I found a guide on how to get rid of all the data! Clicky!

That article clearly states that they admit that they haven't tested it.

 

[kdarling]

First thing to note is that it's 512 byte blocks, not 256 byte blocks (or 256KB as you wrote).

You're confusing smart external flash drives and dumb internal flash memory.

External flash drives have hardware to make them look like regular hard drives, and to do all the grunt work of handling bad sectors, wear leveling, etc.

The flash used by the iPhone requires a totally different kind of file manager than the simple disk drive one you're talking about. It has to do the wear leveling, erase/write/ recopy to new blocks, etc on its own. It is nothing repeat nothing like using an external flash drive.

The flash used by the iPhone is organized in 256K blocks. These blocks "only" have a 5,000 erase/write cycle lifetime. Again, nothing even close to a flash drive, which is 100,000 cycles or more.

The flash used by the iPhone can come from the factory with up to 100MB missing per 4GB rating.

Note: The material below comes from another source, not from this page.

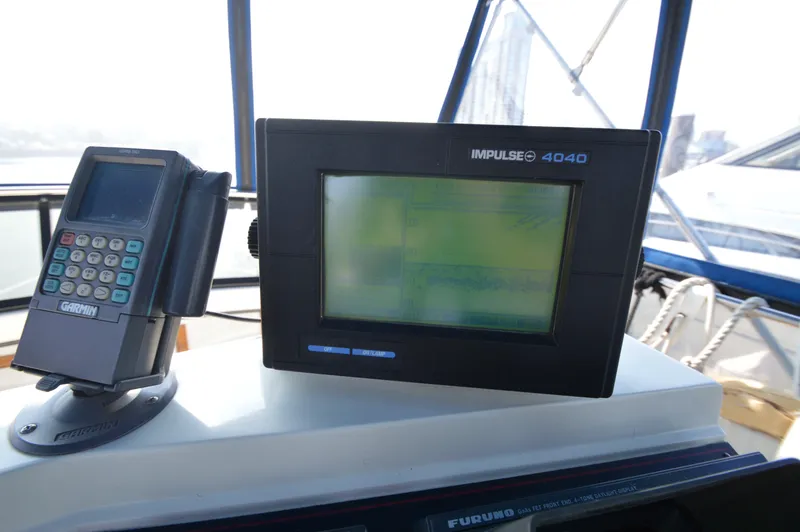 Slide: The Image of Garmin and Impulse 4040 navigation systems on 1991 Carver 43 Cockpit Motoryacht. - 15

In other words, a 32GB device can have 800MB of bad blocks and still be considered "good" from the factory. (I suspect "Other" will contain these bad blocks.)

 

[mkrishnan]

Apple really needs to make sure there's a wiping function, even aside from the remote wipe, that actually scrubs the disk in 2.0...

In the meantime, though, just to throw this out there... It would not be *that* hard to use Audacity or the like to create some white noise music files, clone them till you have ~7.3GB worth, import them into iTunes, and copy them to the iPhone. The net result would be overwriting the drive on the iPhone with random data. If one made several different white noise files, and cloned multiple sets of iPhone-sized data, one could even essentially do multipass overwrites...

Obviously, this only covers areas of the phone where music can be loaded -- would that cover the same area where e-mails go (and contacts, I guess, although for me e-mails are a concern more than contacts)?

I'm not sure if that's the same thing as the Securosis method? That link isn't loading for me....

 

[sassenach74]

Found this on engadget:

http://www.engadget.com/2008/05/21/how-to-format-an-iphone-to-clear-your-data-completely/

 

[kdarling]

Kdarling, how is that possible if it has been rewritten? The 0 is now a 1. How does it know it was once a 0?

It's because a magnetic hard drive doesn't write exactly 1's and 0's, or put the data at the exact same location each time. Each time you rewrite, the new data is affected by the previous state, and it also leaves side tracks.

NSA has been at this kind of thing for decades. I haven't been with them for a long time, but over ten years ago it was publicly known how to recover at least two back layers of data, using various forms of scanning force microscopes. These days, it's commonly not considered erased unless you do at least ten rewrites.